* _About this exercise_
Would you copy the records exactly, leaving the pictures out?

[Brief descriptive captions]

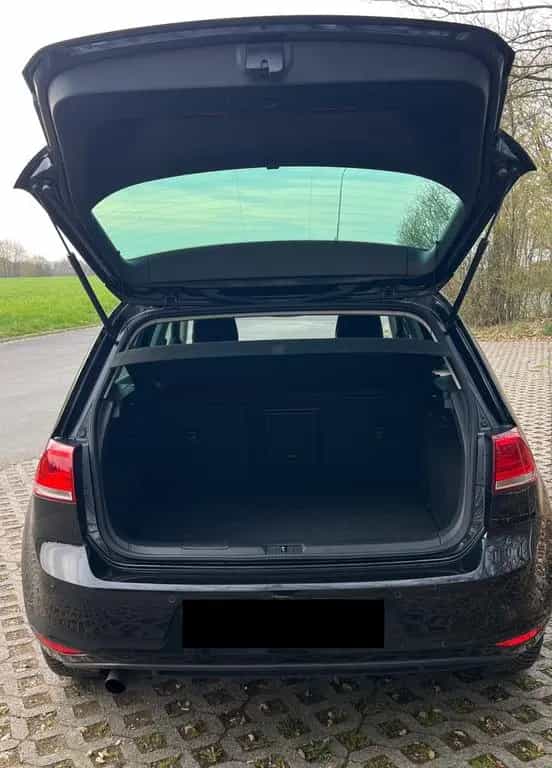 Volkswagen Golf 7 1.2 TSI ALLSTAR TÜV NEU Anhängerkupplung 01/2017-photo-6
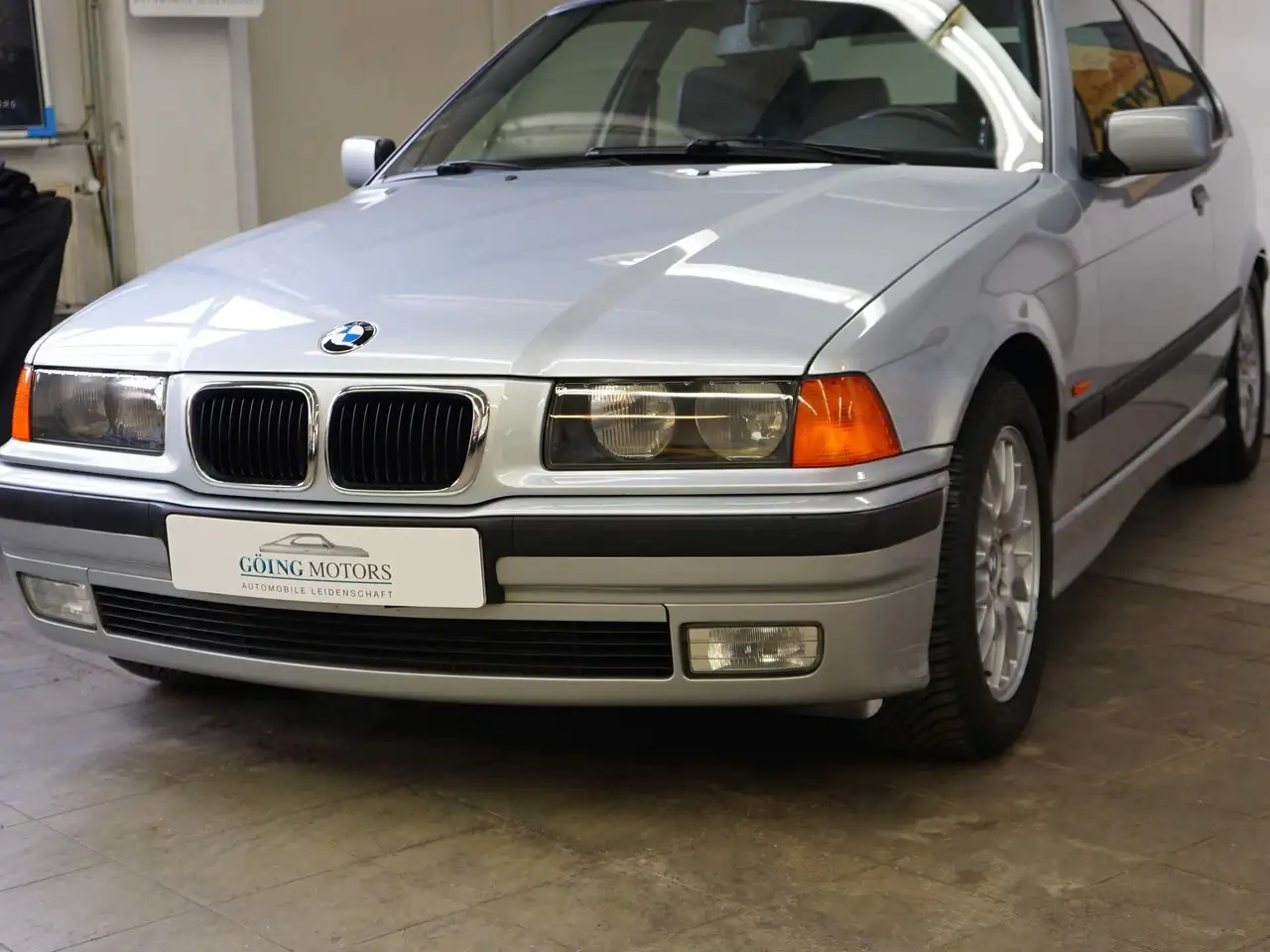 BMW 323 E36 323ti Compact aus 1. Rentnerhand im Originalzustand, foto 7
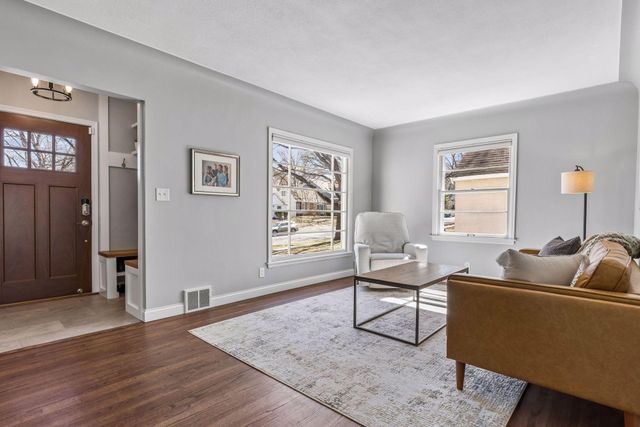 2718 Hampshire Avenue S, Saint Louis Park, MN 55426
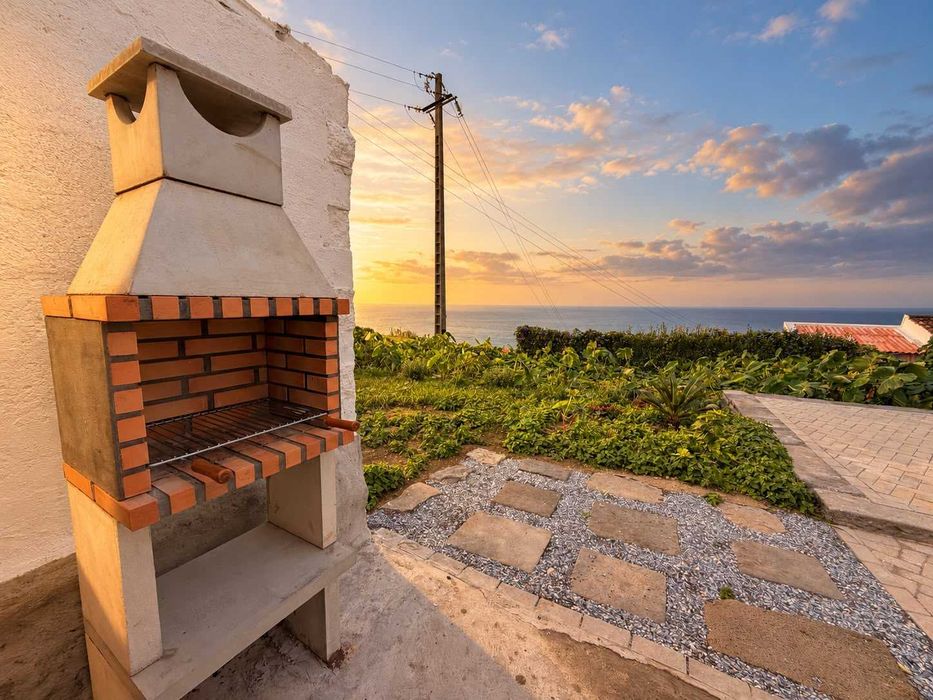 Moradia T2 + 1 (sótão) com vista mar e terreno 2.260 m² — Santana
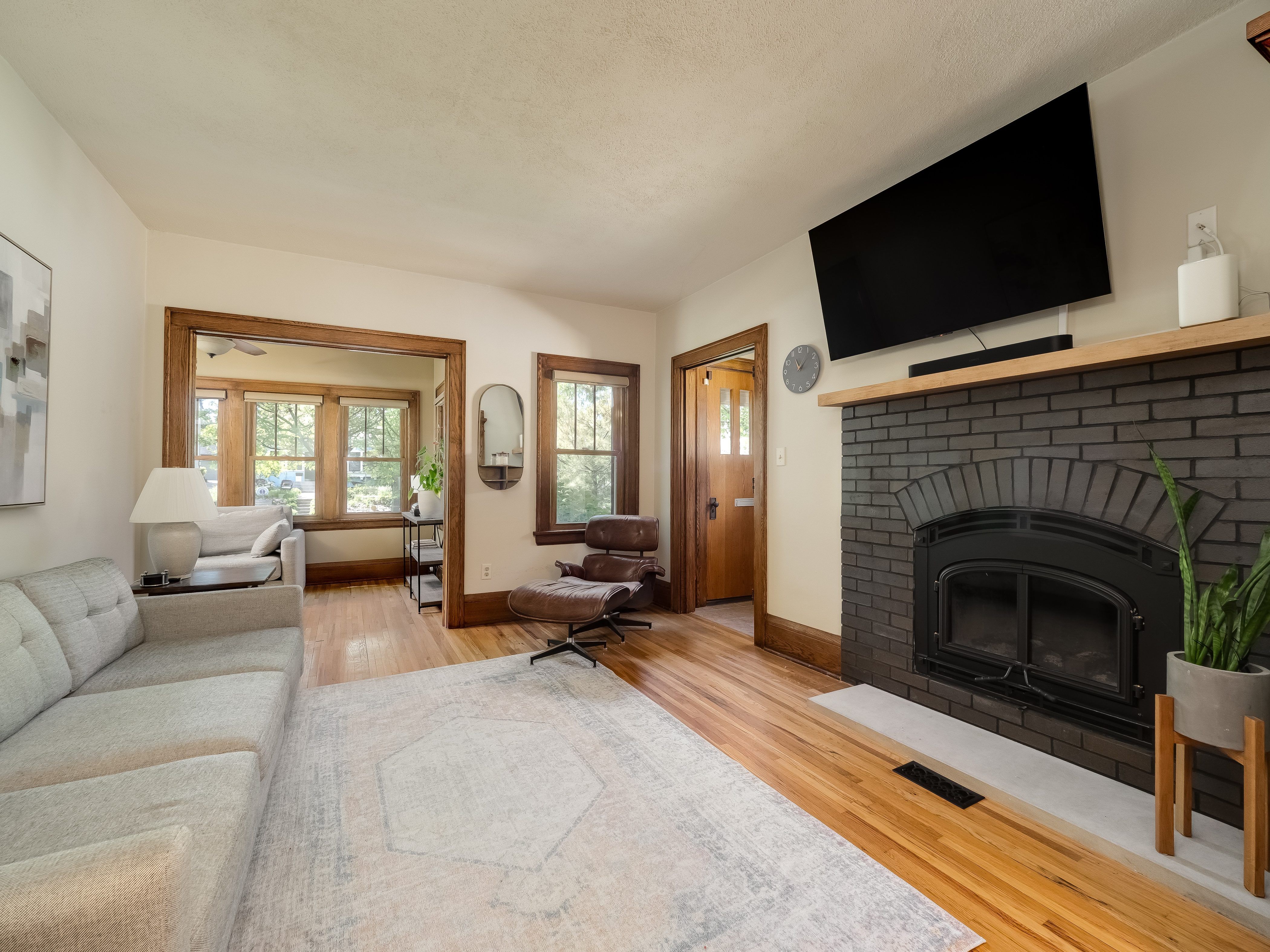  Renovated Lynnhurst Charmer Near Minnehaha Parkway - 物件實景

* _Result for this task_
 Volkswagen Golf 7 1.2 TSI ALLSTAR TÜV NEU Anhängerkupplung 01/2017-photo-6
 BMW 323 E36 323ti Compact aus 1. Rentnerhand im Originalzustand, foto 7
 2718 Hampshire Avenue S, Saint Louis Park, MN 55426
 Moradia T2 + 1 (sótão) com vista mar e terreno 2.260 m² — Santana
  Renovated Lynnhurst Charmer Near Minnehaha Parkway - 物件實景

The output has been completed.